We have investigated the far-field particle-position-dependent global polarization state resulting from a dielectric microsphere placed in a tightly focused vector beam. A simple dipole scattering model was shown to reproduce the main qualitative features of the observed position-dependent polarization, providing insight into the underlying physical principle. Our work thus extends the idea of back focal plane interferometry to the polarization degree of freedom. Using this idea, we have demonstrated three-dimensional position sensing from polarization measurements without spatially resolving the scattered field. For this we calibrated our system for a specific combination of focal field and particle, and collected data traces for free particles which allowed the particle position to be obtained computationally.

Although all fields display some degree of polarization coupling when tightly focused, we have shown that paraxial vector beams lead to particularly large polarization gradients in the focal region compared to the more commonly used Gaussian beams, placing our work in the context of structured light with nonseparable degrees of freedom. Our numerical simulations indicate that polarization measurements, when combined with structured input light, can extend the transverse range of linearity of conventional quadrant diode detection schemes.
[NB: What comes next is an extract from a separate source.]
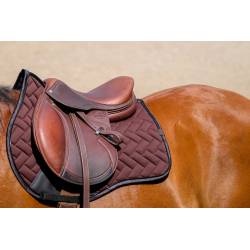 Tapis de selle Impulsion marron Equithème sur un cheval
It is therefore conceivable that polarization analysis combined with structured input light could complement quadrant diode detection in optical tweezers. Measurements of this kind could, for example, be realized by placing a quadrant diode in each output port of a polarizing beam splitter, and considering the differences between the total intensities as well as the individual quadrant signals. The approach can be extended to vector beams with other polarization patterns, such as azimuthally polarized beams, "spiral" beams, their counter-rotating versions, more exotic beams displaying nonzero net transverse angular momentum [47], full Poincaré beams [45], as well as different wavelength regimes, opening many interesting avenues for exploration.

Funding

H2020 Future and Emerging Technologies (732894 HOT, 829116 SuperPixels).

Acknowledgments

The authors thank Lucas Alber for suggesting thiodiethanol as mounting medium.

Disclosures

The authors declare no conflicts of interest.

Supplemental document

See Supplement 1 for supporting content.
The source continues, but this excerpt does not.